Moraza, que parece tener predilección por las formas
simbólicas, analiza una vez más la sociedad contemporánea, cada vez más
desgastada y consumida. Sus gigantescas tizas antropomorfas, que sugieren una
estrecha relación industrializada del hombre con sus decisiones, no son más que
una metáfora de cómo éstas últimas horadan nuestra existencia de una manera sin
duda paradójica.
Ya en República,
el artista quería mostrar al mundo la complejidad de las relaciones del hombre,
más aún, “la relación entre las partes y el todo, y el modo en el que uno forma
parte de algo mucho mayor que él”. Concepto que, sin duda, podemos llevar a Trabajo absoluto: La industria. El
trabajo. Cómo la primera ha transformado y distorsionado al segundo y lo ha
convertido en un credo vital que envuelve cada resquicio de nuestro
comportamiento de una manera casi mecánica. Lo que para Moraza representa un
verdadero privilegio –su proceso creativo, su trabajo- se ha visto prostituido
de tal manera por los procesos de industrialización –que son ya casi
filosofía-, que desembocan en sentencias como “El trabajo no deja de tener un
cierto parentesco con el miedo” o “Los expertos son los profetas de la religión del trabajo”, que inundan
nuestros ojos en su obra “Calendario de fiestas laborables” –todas, las 366,
por supuesto, el 1 de mayo, como si por gozar de un día propio se pudiera
redimir el daño- y nuestros oídos en “La fiesta como oficio”, presidida por un
imponente reloj, que casi parece enjuiciar, y que podría enloquecer casi tanto
o más que un corazón aún palpitante bajo
el pavimento.
Las obras, que interactúan y se refuerzan entre ellas –como
“Erosis”, aquellas ya citadas tizas de yeso antropomorfas, y “Nofondos”,
pizarras negras blanqueadas por tiza- demuestran que el poder de aquello que
está por encima de nosotros, ese todo del
que somos parte, no solo afecta a una parcela de nuestra vida, sino que ha
inundado cada uno de los ámbitos de la misma, que ahora no son más que monedas
de cambio, irremediablemente
cuantificables.
Trabajo absoluto, porque queremos crear una ilusión de
consciencia inalienable, de individualidad enfermiza, que quizá sea el efecto
secundario de todo aquello que hemos construido y que extingue, paciente, lo
que nos hacía diferentes. Porque incluso lo más privado e íntimo de nuestro ser
ha de ser productivo, aunque nos
creamos disidentes, aunque creamos que luchamos contra ello.

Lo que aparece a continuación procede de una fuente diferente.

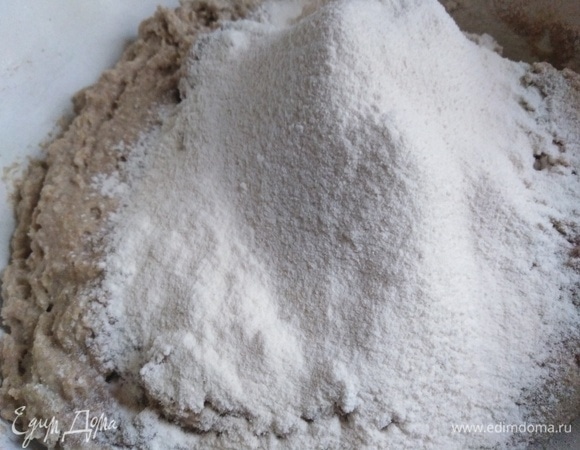 Последней всыпать просеянную пшеничную муку 1 сорта.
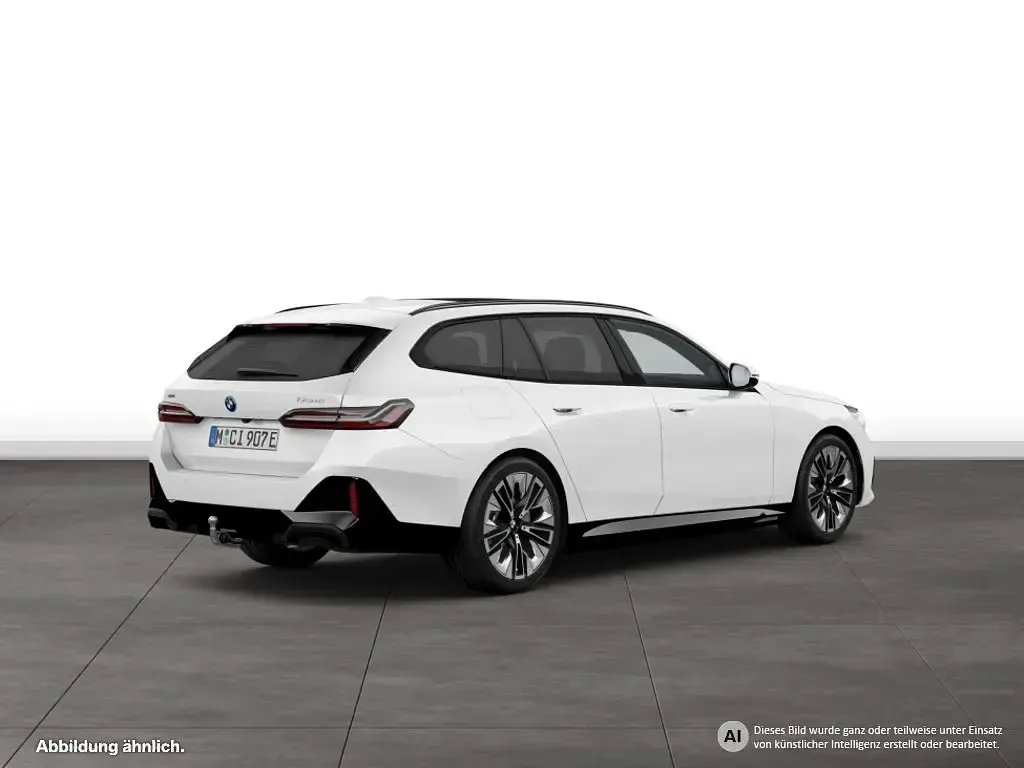 Gebraucht BMW 550e M Sport 489 PS (359 kW) 2025 Weiß Kombi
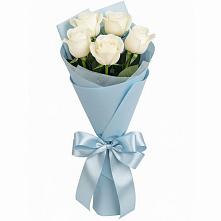 Букет 5 Белых роз Проуд в Марусино
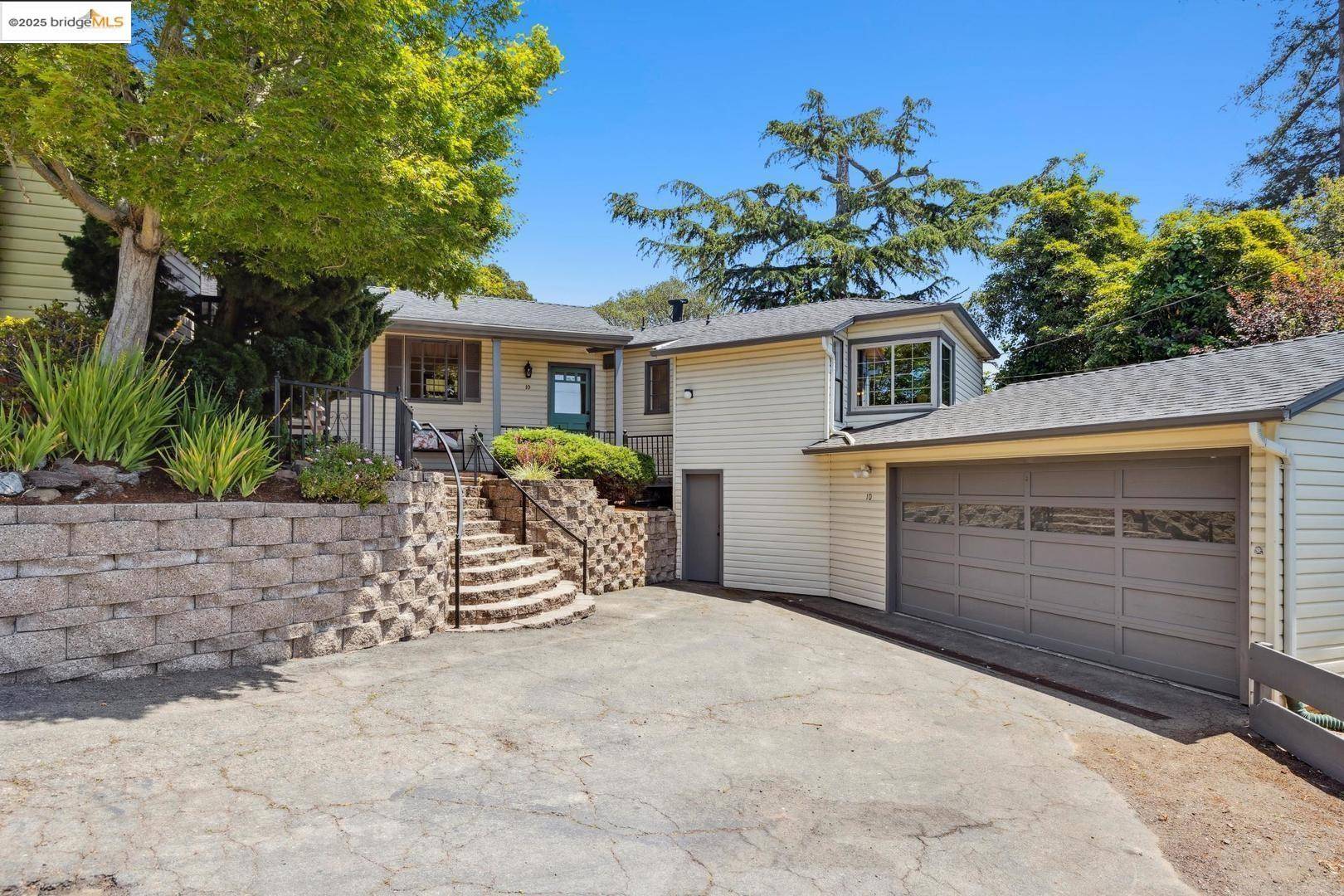 10 Wilding LN, Oakland, CA 94618
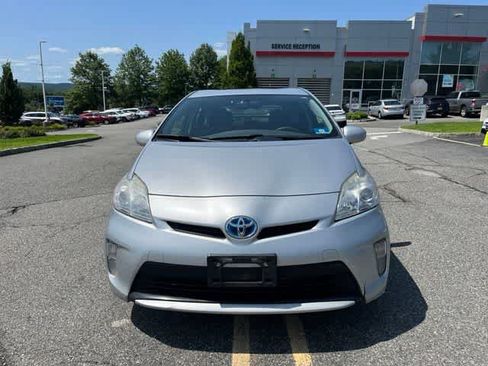 Used 2012 Toyota Prius Three FWD image 2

Juan Luis Moraza nos demuestra, una vez más, nuestro avance
–o retroceso- social y, casi se diría, individual, mediante 4 obras
portentosas, que a todos nos harán reflexionar sobre nuestra historia y persona,
sobre cómo el pasado nos atrapa y nos señala con el dedo acusador que roza
nuestras decisiones, decisiones que nos han creado a su imagen y semejanza.